The significance of the imbalance resides in the fact that proceedings might otherwise be validly served on the guarantors, with the risk of entry of default judgments against those guarantors. The Claimant faced no such risk.

97.

Therefore, having regard to the nature of the Facility Agreement, and the guarantors’ obligations thereunder, and all of the circumstances of the case, I consider that the First and Second Defendants are correct in their submissions on this ground.

98.

Section 63(1) provides that “Part 1 of Schedule 2 contains an indicative and non-exhaustive list of terms of consumer contracts that may be regarded as unfair for the purposes of this Part” (emphasis added). I do not consider that the fact that a service of process term is not included within the list of terms in Schedule 2 of the 2015 Act which might be unfair means that the term cannot be unfair.

99.

I read CPR rule 6.11 as applying where there is a relevant contractual provision as to service which is binding on the defendant.

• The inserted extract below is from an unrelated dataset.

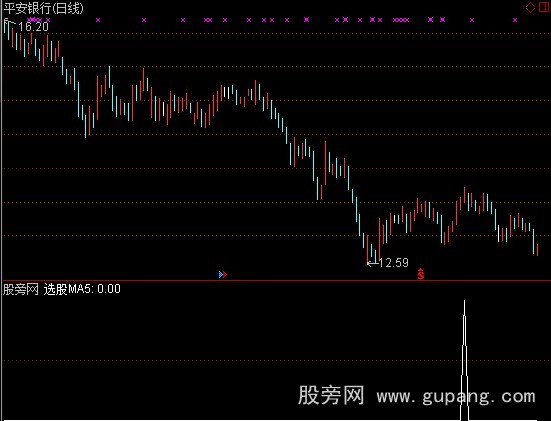 通达信均线45°选股指标公式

Accordingly, as clause 40.2.2 is not binding on the First and Second Defendants pursuant to the Consumer Rights Act 2015, the clause cannot be relied on to validate service of the proceedings on them.

100.

I should make it clear that this conclusion does not mean that clause 40.1 and clause 40.2.1 of the Facility Agreement are unfair and are not binding on the First and Second Defendants insofar as they were parties to the Facility Agreement.